Rzutem na taśmę do zestawienia wpadł jeszcze, niszcząc przy tym ładną klamerkę z Asasynów, krótki, samodzielny i niekanoniczny dodatek do InFamousa 2, w Polsce znany, jako Festiwal Krwi. Jak sama nazwa wskazuje akcja rozszerzenia jest ściśle powiązana z wampirami, bowiem Cole McGrath w trakcie tytułowego festiwalu poświęconemu ojcu Ignatiusowi, który pozbył się wampirów z New Marais, zostaje przez owe maszkary porwany i wykorzystany do przywrócenia do życia Krwawej Mary, co skutkuje również jego przemianą. Naszym celem zostaje zatem ubicie owej panny i w ten oto sposób uratowanie miasta oraz własnej skóry. Nic nazbyt ciekawego. Ot, prosta historyjka z potworami. Jedynym bardziej interesującym motywem jest jedynie fakt, że poznajemy ją z opowieści Zeke’a, przyjaciela głównego bohatera, który próbuje zbajerować laskę z baru.
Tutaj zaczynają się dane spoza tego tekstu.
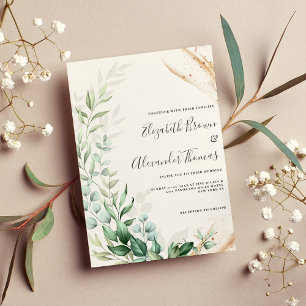 Invitación Boda floral de hoja de hojas de oro de menta botán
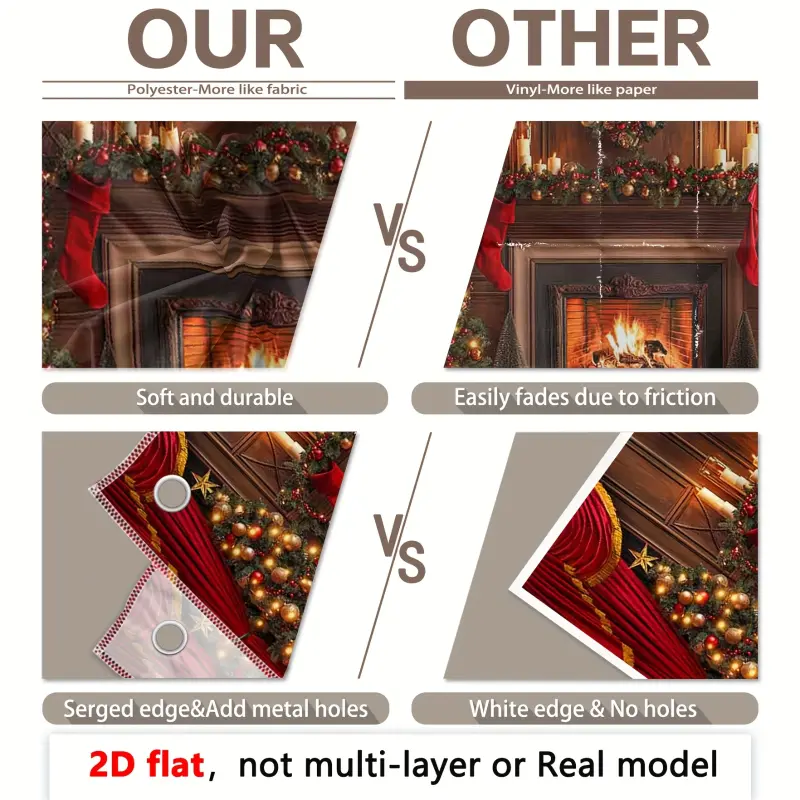 2D Flat, 80g Premium Polyester, 7x5ft/8x6ft/10x8ft, Palace Classic Brown Christmas Fireplace Backdrop, Vintage Red Curtain Christmas Tree Candle Holder Christmas Wreath Christmas Stocking Warm Home Golden Decoration Colorful Ball Christmas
Jedyną różnicą w porównaniu z podstawką jest kilka nowych mocy wynikających z bycia wampirem. Są to między innymi wypijanie krwi z przechodniów, fruwanie jako chmura dymu, czy też „wampirza wizja”, pozwalająca na zobaczenie tego, czego zwykli śmiertelnicy nie mogą. Niestety, są to raczej ciekawostki, bo, poza momentami, kiedy użycie ich było konieczne, okazywały się zbędne. Poza tym dodatek jest raczej przyjemny, choć nie grając w niego nic się nie traci i jest on raczej, według mnie, przeznaczony dla fanów oryginału, bo pozostali nic nowego dla siebie w Festiwalu Krwi nie znajdą.